The project compares three related outcomes:
- Raw progression: how far a player has advanced, measured with
level. - Progression efficiency: how quickly a player earns progress, measured with
xp_per_hour. - Performance: how effectively a player performs, measured with
scorePerMinute.
- Raw level progression is highly predictable from engagement volume. Players with more time played, kills, headshots, and wins tend to have higher levels.
- Cumulative stats can be misleading on their own because they often reflect playtime more than skill.
- Efficiency metrics help separate "played more" from "played better."
- For progression efficiency, the strongest nonlinear signals were
kdRatio,kills_per_game, andkills_per_hour. - The project uses both Ridge regression and Random Forest models to balance interpretability with nonlinear feature importance.
| Analysis | Target | Model | R2 | MAE |
|---|---|---|---|---|
| Raw Progression Level | level |
RidgeCV | 0.950 | 8.24 |
| Raw Progression Level | level |
Random Forest | 0.964 | 5.39 |
| Progression Efficiency | xp_per_hour |
RidgeCV | 0.786 | 305.89 |
| Progression Efficiency | xp_per_hour |
Random Forest | 0.829 | 269.65 |
| Performance | scorePerMinute |
RidgeCV | 0.793 | 35.51 |
| Performance | scorePerMinute |
Random Forest | 0.845 | 28.59 |
From the project root:
pip install -r requirements.txt
python src/run_analysis.pyThe pipeline loads the raw dataset, engineers behavioral features, trains the models, and writes updated tables and figures to outputs/.
Generated summary:
outputs/analysis_summary.md
Generated tables:
outputs/tables/model_metrics.csvoutputs/tables/behavioral_factor_rankings.csvoutputs/tables/data_quality_summary.csvoutputs/tables/numeric_feature_summary.csvoutputs/tables/target_correlations.csv- model-specific Ridge coefficient tables
- model-specific Random Forest permutation-importance tables
Generated figures:
outputs/figures/behavioral_correlation_heatmap.pngoutputs/figures/level_vs_time_played.png- model-specific coefficient plots
- model-specific permutation-importance plots
The analysis creates rate-based features to separate raw activity from efficiency:
win_rate = wins / (wins + losses)accuracy = hits / shotsheadshot_rate = headshots / killskills_per_game = kills / gamesPlayedassists_per_game = assists / gamesPlayedkills_per_hour = kills / timePlayedxp_per_hour = xp / timePlayedlevel_per_hour = level / timePlayed
Division-by-zero cases are handled safely, and extreme rate outliers are capped at the 99th percentile to keep the models interpretable.

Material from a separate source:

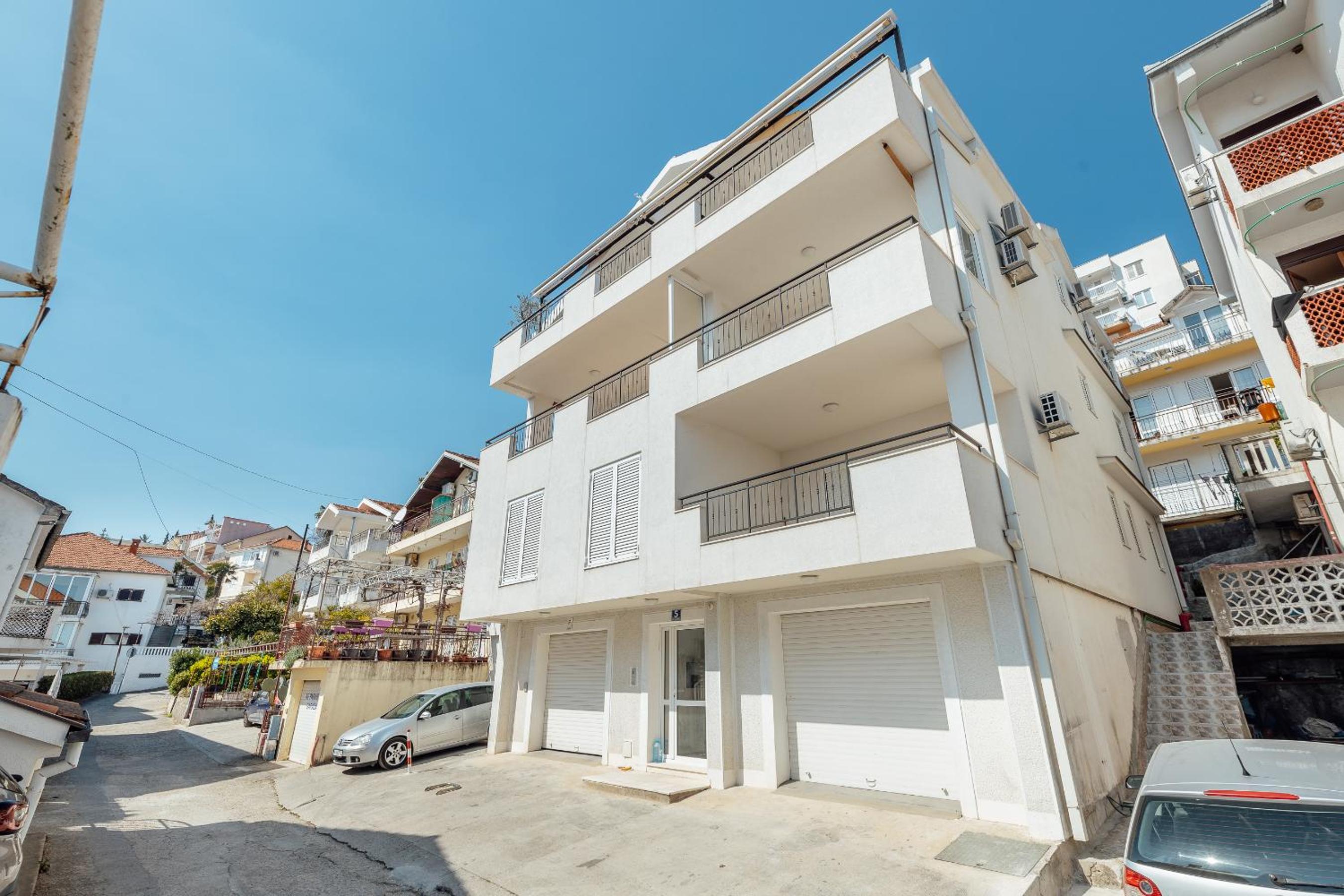 Apartment Penthouse Savina view 4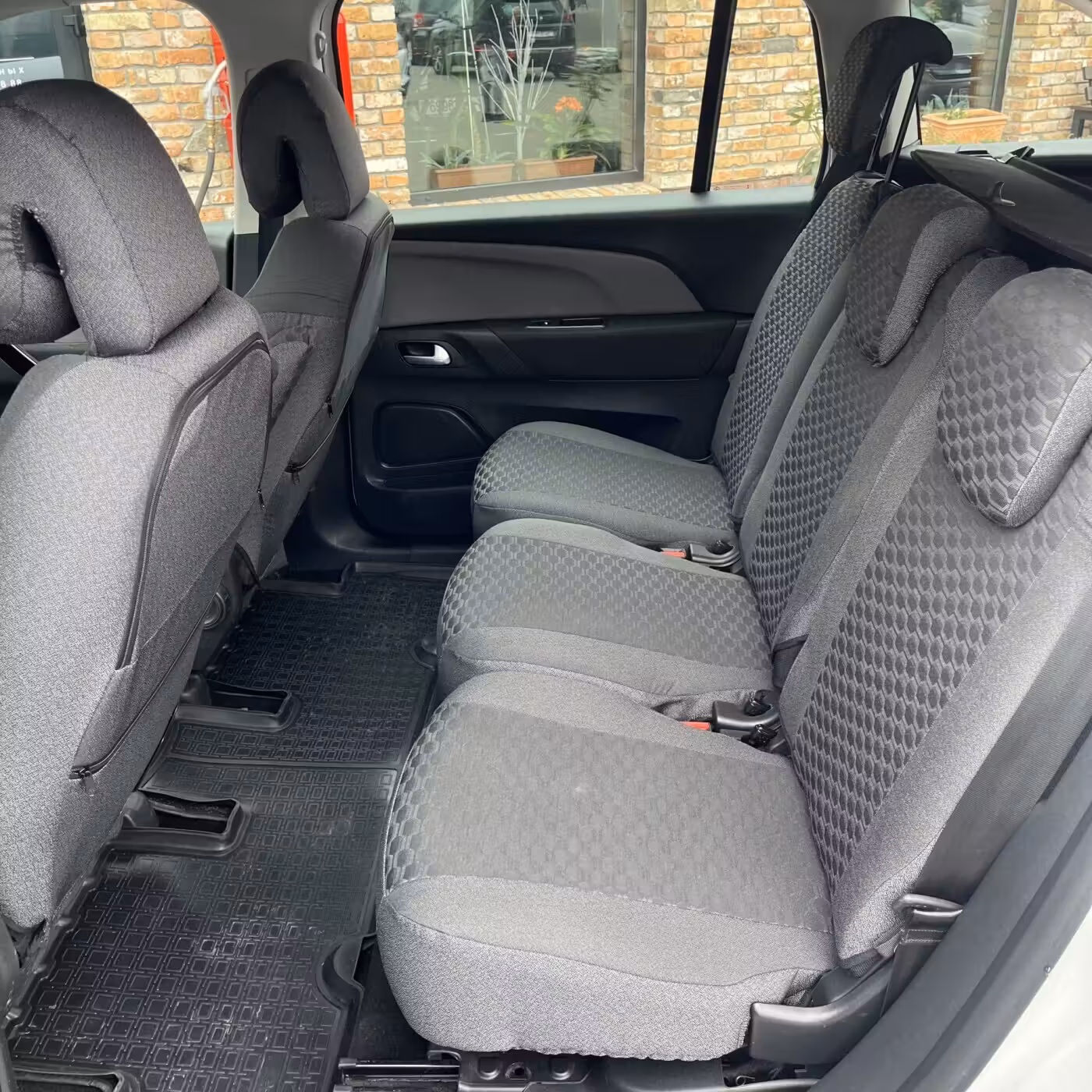 Citroen C4 Grand Spacetourer фото 15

The analysis trains three model groups:
| Analysis | Target | Purpose |
|---|---|---|
| Raw Progression Level | level |
Identifies factors associated with total progression. |
| Progression Efficiency | xp_per_hour |
Identifies behaviors associated with earning progress faster. |
| Performance | scorePerMinute |
Identifies behaviors associated with stronger in-game performance. |
Each analysis uses:
- RidgeCV: standardized linear model with cross-validated regularization.
- Random Forest: nonlinear model with permutation importance.
xp is intentionally excluded from the raw level model because XP is directly tied to level progression and would create leakage.
COD-Analysis/
├── data/
│ └── raw/
│ └── cod.csv
├── src/
│ ├── cod_analysis/
│ │ ├── config.py
│ │ ├── data.py
│ │ ├── features.py
│ │ ├── models.py
│ │ ├── pipeline.py
│ │ ├── plots.py
│ │ └── reports.py
│ └── run_analysis.py
├── outputs/
│ ├── analysis_summary.md
│ ├── figures/
│ └── tables/
├── README.md
└── requirements.txt
data/raw/ stores the original dataset. outputs/ contains generated artifacts and can be recreated by rerunning the pipeline.
This framing supports two types of engagement strategy:
- Retention strategy: encourage consistent play through session goals, streaks, and time-limited progression events.
- Skill strategy: reward efficient play through headshot challenges, accuracy goals, assist bonuses, win streaks, and score-per-minute objectives.
The main distinction is that encouraging more play is different from encouraging better, more satisfying play.